BENGKULU — Ratusan anak yatim dari berbagai kecamatan di Kota Bengkulu memadati Masjid At-Taqwa, Kamis (25/6/2026) pagi. Mereka datang untuk mengikuti acara santunan yang digelar Pemerintah Kota Bengkulu bersama Baznas dan Forum Koordinasi Pimpinan Daerah (Forkopimda).
Santunan Tunai hingga Voucher Belanja untuk 956 Anak
Ketua Baznas Kota Bengkulu Habib Abdurahman Alkaf menyebutkan total 956 anak yatim telah terdata dan menerima manfaat dalam kegiatan tersebut. Data berasal dari seluruh kelurahan yang tersebar di Kota Bengkulu.
Bantuan yang disalurkan berupa santunan tunai, voucher belanja, dan paket sembako.
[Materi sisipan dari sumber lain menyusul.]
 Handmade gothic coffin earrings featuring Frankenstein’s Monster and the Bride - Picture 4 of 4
Habib menjelaskan bantuan itu merupakan hasil kolaborasi antara pemkot, Baznas, serta para donatur yang rutin menyalurkan rezekinya.
“Kami terus melakukan pendataan secara berkala. Jika masyarakat mengetahui ada anak yatim yang belum terdaftar, silakan segera menghubungi Baznas Kota Bengkulu agar dapat kami tindak lanjuti,” ujar Habib.
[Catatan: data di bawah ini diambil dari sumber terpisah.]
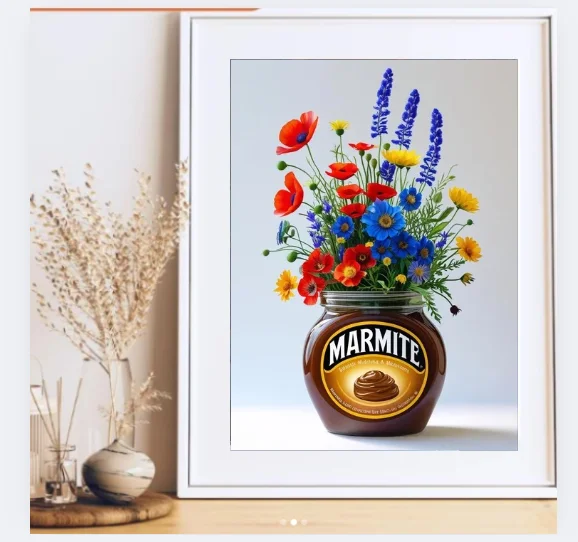 Marmite With Colourful Wildflowers Wall Art product image (2)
Wali Kota: Akses Pendidikan dan Kesehatan Juga Jadi Prioritas
Dalam sambutannya, Wali Kota Dedy Wahyudi menegaskan bahwa kehadiran pemerintah tidak hanya sebatas memberikan bantuan saat momen tertentu. Ia memastikan akses pendidikan dan layanan kesehatan bagi anak-anak yatim terus menjadi prioritas daerah.
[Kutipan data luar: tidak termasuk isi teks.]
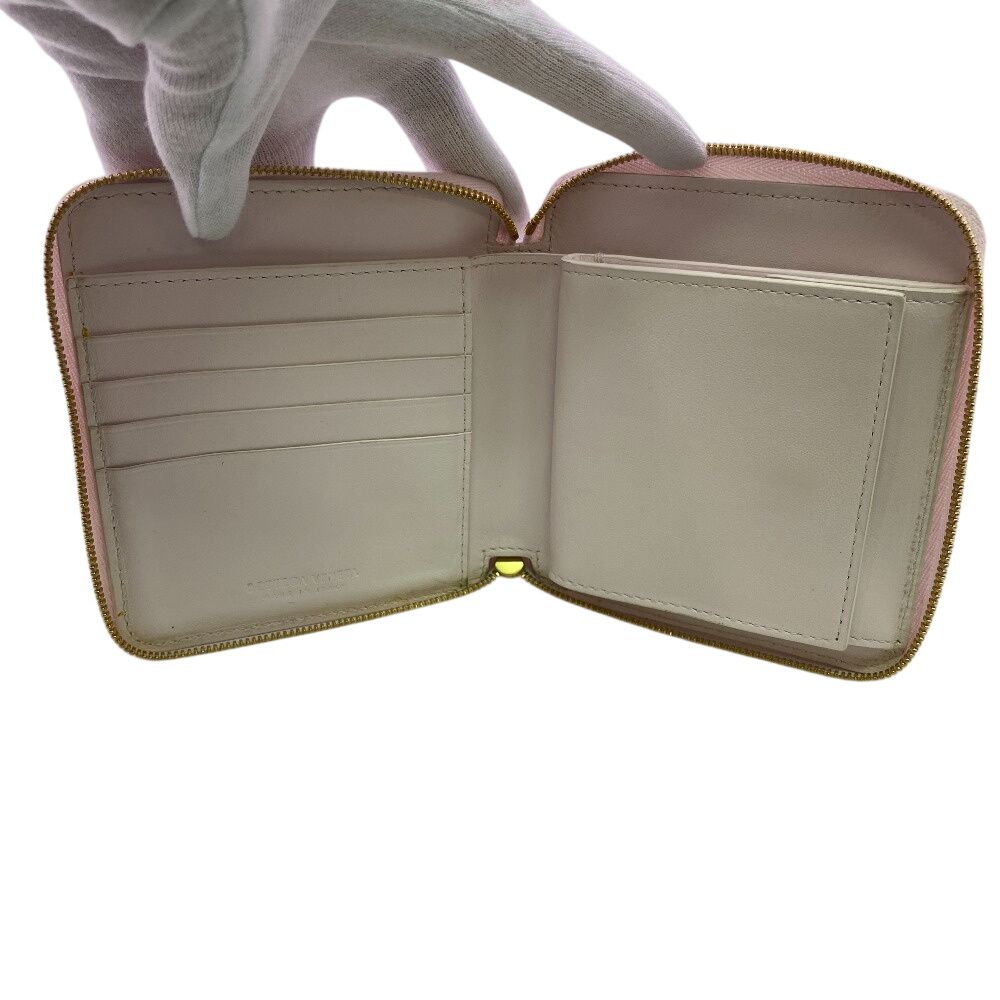 Bottega Veneta Zip Around Maxi Intrecciato Leather Bifold Wallet Pink — view 5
Dedy menyebut program pendidikan gratis dan jaminan kesehatan melalui BPJS telah disediakan bagi keluarga kurang mampu. Menurutnya, tidak boleh ada anak di Kota Bengkulu yang putus sekolah karena keterbatasan ekonomi.
“Anak-anakku semua jangan pernah merasa sendiri. Pemerintah Kota Bengkulu akan terus hadir memberikan perhatian dan dukungan,” kata Dedy di hadapan ratusan anak yatim.
Belanja Bareng Pejabat Usai Acara Resmi
Usai penyerahan santunan, acara dilanjutkan dengan doa bersama yang dipimpin tokoh agama. Doa dipanjatkan untuk keselamatan, kesehatan, dan kemajuan daerah.
Momen menarik terjadi setelah acara resmi berakhir. Para pejabat yang hadir, termasuk Wali Kota dan Kepala Kejaksaan Negeri Bengkulu Dr. Yeni Puspita, turun langsung mendampingi anak-anak menuju lokasi perbelanjaan. Dengan voucher yang diterima, anak-anak bebas memilih makanan dan kebutuhan lainnya secara gratis.
Kegiatan itu menjadi penutup yang penuh keceriaan. Senyum terlihat menghiasi wajah mereka, mencerminkan semangat kebersamaan yang dijaga di Kota Bengkulu pada momentum 10 Muharam 1448 Hijriah.